Reviews By TeKay, Kyle Yampiro, and Andrew Adams

May 14, 2021

Tuning / Blend 5.0
Energy / Intensity 4.3
Innovation / Creativity 4.0
Soloists 3.7
Sound / Production 4.0
Repeat Listenability 4.3
Tracks
1 There Will Be Better Days (Intro) 4.0
2 Americans 4.3
3 Under Pressure 3.7
4 Blind Faith 4.3
5 Past Lives 3.3
6 The Village 4.3
7 Green Light 4.3
8 Light of a Clear Blue Morning / Tomorrow 4.3

Recorded 2019 – 2020
Total time: 28:27, 8 songs


TeKay
4
Tuning / Blend 5
Energy / Intensity 4
Innovation / Creativity 3
Soloists 4
Sound / Production 5
Repeat Listenability 5
Tracks
1 There Will Be Better Days (Intro) 3
2 Americans 4
3 Under Pressure 3
4 Blind Faith 5
5 Past Lives 4
6 The Village 5
7 Green Light 5
8 Light of a Clear Blue Morning / Tomorrow 4

The unfortunate continuation of puns in a cappella does not obscure the mega-talent apparent in the mixed group Pitch, Please from Temple University. Even though the group has only been around for seven years, it can easily make the claim as one of the most formidable queer advocacy groups on the scene today. The musicianship pairs blessingly with the messaging on the group's debut release, Better Days. This is a recording that you'll want to own and play sequentially instead of skipping around like a collection of singles so that you get the whole artistic experience.

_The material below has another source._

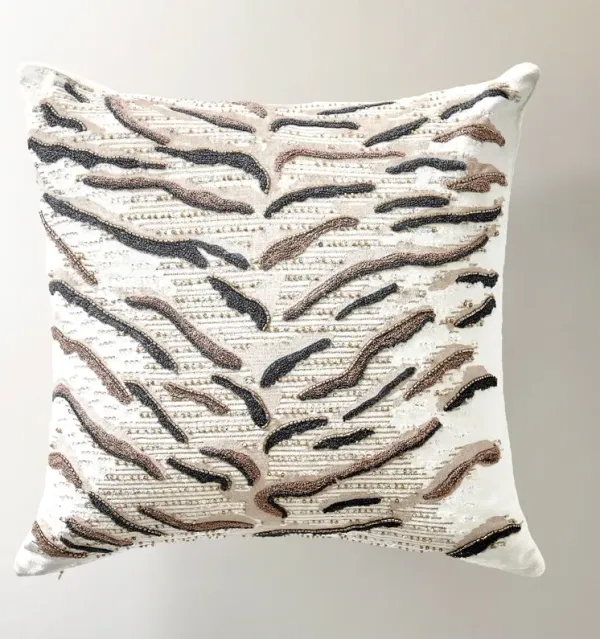 Roary Beaded Pillow 20" - Smoked Pearl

The album starts off with a pretty but also pretty useless (or not needed) intro. There Will Be Better Days is simply that, a sort of circular statement of affirmation — kind of a mantra that doesn't really lead well into the next track which is a gritty rendition of Janelle Monae's Americans. This song makes a statement on its own (figuratively and literally) and that would have sufficed. Granted the track does reference the aforementioned titular line in the spoken word section, but the song is just as powerful without it.

Other than that, the album is stellar in production and performance with sublime blend and engaging soloists.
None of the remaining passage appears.